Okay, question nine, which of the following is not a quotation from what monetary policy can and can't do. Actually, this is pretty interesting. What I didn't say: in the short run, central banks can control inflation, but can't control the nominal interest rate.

---

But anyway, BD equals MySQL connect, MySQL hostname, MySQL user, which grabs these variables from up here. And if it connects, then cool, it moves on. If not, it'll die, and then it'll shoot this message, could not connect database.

* * *

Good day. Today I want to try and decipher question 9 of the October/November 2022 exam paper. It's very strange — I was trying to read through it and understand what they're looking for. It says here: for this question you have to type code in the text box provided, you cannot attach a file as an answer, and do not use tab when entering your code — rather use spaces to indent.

| About this exercise |
Give the count of lines in the data above that hold the string "from", with no additional words.

| Exercise result |
2